50th Apostolic Canon

    If any Bishop or Priest baptize anyone not into the Father and the Son and the Holy Spirit in accordance with the Lord’s ordinance, but into three beginningless beings or into three sons or into three comforters, let him be deposed.”

    When the Lord sent forth His disciples to preach the Gospel, He told them: “Go you, therefore, and make disciples of all nations, baptizing them in the name of the Father, and of the Son, and of the Holy Spirit” (Matthew 28:19). Therefore, the present Apostolic Canon prescribes that any Bishop or Priest, who instead of baptizing in that manner, in accordance with the Lord’s ordinance, baptizes into three beginningless beings, into three sons, or into three comforters shall be deposed.

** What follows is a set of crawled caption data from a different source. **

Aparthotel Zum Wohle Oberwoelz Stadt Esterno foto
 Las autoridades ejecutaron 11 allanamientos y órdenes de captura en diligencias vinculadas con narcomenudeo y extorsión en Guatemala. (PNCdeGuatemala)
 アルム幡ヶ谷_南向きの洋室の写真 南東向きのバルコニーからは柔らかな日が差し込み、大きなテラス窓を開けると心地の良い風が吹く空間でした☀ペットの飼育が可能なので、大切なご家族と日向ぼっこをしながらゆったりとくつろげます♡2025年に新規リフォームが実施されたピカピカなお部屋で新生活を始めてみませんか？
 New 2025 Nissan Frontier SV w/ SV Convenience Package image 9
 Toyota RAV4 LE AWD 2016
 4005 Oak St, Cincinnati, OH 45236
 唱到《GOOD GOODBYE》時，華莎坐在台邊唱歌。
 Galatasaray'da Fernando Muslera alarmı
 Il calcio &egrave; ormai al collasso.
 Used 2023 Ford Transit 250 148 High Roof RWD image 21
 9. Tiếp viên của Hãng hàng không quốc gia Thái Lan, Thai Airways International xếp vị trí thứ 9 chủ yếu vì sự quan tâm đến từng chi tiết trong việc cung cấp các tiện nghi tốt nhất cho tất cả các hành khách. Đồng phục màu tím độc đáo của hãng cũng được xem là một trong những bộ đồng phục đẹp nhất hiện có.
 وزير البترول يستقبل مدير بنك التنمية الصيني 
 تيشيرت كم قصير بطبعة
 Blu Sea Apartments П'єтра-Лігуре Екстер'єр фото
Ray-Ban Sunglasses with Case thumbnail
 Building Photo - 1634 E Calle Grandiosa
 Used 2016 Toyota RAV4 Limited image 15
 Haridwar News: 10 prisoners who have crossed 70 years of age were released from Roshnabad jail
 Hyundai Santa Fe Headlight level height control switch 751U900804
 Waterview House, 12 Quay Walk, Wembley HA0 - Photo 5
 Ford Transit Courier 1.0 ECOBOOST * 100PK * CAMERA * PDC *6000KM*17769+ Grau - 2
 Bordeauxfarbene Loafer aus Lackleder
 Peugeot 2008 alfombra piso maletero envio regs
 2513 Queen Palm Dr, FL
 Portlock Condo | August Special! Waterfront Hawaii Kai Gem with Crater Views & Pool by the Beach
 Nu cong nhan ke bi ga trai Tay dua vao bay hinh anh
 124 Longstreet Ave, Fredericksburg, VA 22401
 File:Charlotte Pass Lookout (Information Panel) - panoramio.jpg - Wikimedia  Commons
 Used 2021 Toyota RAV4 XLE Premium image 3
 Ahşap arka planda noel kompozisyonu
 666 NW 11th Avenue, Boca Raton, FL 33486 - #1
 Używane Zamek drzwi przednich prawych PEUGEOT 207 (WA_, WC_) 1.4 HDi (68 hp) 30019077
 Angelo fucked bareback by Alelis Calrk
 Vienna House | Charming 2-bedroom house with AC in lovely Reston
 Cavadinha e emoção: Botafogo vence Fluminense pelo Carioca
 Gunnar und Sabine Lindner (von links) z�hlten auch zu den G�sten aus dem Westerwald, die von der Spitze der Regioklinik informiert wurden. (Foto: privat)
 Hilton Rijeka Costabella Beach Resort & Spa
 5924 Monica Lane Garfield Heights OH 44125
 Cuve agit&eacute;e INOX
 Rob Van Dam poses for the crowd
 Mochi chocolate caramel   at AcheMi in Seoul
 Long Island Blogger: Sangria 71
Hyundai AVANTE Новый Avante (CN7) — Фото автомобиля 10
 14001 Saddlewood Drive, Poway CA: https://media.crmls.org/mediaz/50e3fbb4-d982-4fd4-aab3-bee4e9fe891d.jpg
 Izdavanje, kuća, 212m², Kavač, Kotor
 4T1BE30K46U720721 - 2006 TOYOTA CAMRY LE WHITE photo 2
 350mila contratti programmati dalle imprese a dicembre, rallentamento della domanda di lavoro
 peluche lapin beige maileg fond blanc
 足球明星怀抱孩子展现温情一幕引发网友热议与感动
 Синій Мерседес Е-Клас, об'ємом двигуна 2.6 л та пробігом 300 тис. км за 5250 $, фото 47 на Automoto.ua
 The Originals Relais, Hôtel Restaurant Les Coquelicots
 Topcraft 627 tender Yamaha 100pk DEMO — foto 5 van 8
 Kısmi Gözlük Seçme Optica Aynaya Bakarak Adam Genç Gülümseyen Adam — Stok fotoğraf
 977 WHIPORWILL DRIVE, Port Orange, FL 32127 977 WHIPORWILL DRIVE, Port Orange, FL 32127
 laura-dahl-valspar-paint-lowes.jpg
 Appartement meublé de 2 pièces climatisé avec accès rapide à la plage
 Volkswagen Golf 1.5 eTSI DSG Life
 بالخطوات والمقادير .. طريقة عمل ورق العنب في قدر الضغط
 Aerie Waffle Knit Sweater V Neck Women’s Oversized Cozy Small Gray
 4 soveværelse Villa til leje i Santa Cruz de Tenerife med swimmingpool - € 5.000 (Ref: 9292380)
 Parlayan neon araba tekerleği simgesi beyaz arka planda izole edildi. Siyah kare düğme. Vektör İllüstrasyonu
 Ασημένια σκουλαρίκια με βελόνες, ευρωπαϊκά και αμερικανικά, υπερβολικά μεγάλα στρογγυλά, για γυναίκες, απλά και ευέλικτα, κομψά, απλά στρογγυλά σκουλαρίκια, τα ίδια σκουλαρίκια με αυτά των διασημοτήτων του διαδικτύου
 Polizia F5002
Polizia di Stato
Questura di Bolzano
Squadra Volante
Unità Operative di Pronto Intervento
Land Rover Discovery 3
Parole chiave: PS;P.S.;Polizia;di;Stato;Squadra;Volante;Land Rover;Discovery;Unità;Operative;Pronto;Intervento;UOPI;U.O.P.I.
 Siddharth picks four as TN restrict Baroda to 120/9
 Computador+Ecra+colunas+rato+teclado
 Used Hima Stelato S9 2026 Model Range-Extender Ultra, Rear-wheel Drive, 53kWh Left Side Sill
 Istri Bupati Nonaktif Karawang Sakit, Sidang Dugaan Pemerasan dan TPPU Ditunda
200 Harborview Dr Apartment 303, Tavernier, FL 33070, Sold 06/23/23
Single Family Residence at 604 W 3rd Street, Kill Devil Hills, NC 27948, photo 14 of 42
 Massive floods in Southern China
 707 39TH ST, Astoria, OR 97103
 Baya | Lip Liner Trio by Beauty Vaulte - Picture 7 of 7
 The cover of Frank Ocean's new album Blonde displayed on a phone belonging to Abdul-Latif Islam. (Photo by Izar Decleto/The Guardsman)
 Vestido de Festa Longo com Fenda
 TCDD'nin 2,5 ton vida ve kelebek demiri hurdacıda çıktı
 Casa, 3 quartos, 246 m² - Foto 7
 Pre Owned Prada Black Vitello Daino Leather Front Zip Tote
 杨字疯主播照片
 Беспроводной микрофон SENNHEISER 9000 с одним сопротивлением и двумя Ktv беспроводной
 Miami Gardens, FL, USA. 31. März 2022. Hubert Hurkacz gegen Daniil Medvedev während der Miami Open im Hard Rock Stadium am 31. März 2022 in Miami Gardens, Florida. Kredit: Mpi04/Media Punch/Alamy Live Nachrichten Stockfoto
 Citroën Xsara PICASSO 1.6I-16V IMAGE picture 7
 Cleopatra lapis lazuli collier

For certain heretics, blaspheming against the Holy Trinity, were being baptized in such a manner notwithstanding that the Orthodox Church had received instructions to say the Father on account of His being beginingless and unbegotten, even though the Son is also said to be beginningless as respects any beginning in point of time, as St. Gregory the Theologian theologically argues: and likewise to say the Holy Spirit, though not with respect to cause and natural beginning for this characteristic belongs only to the Father. Accordingly, the formula includes a Son on account of His ineffable birth, and a Paraclete (or Comforter), the Holy Spirit, on
account of His procession out of the Father alone, which is beyond understanding. Note, on the other hand, that all the Canons of the Apostles that relate to and speak of baptism mention only Bishops and Priests. For they alone have permission to baptize, and deacons and other clergymen have not.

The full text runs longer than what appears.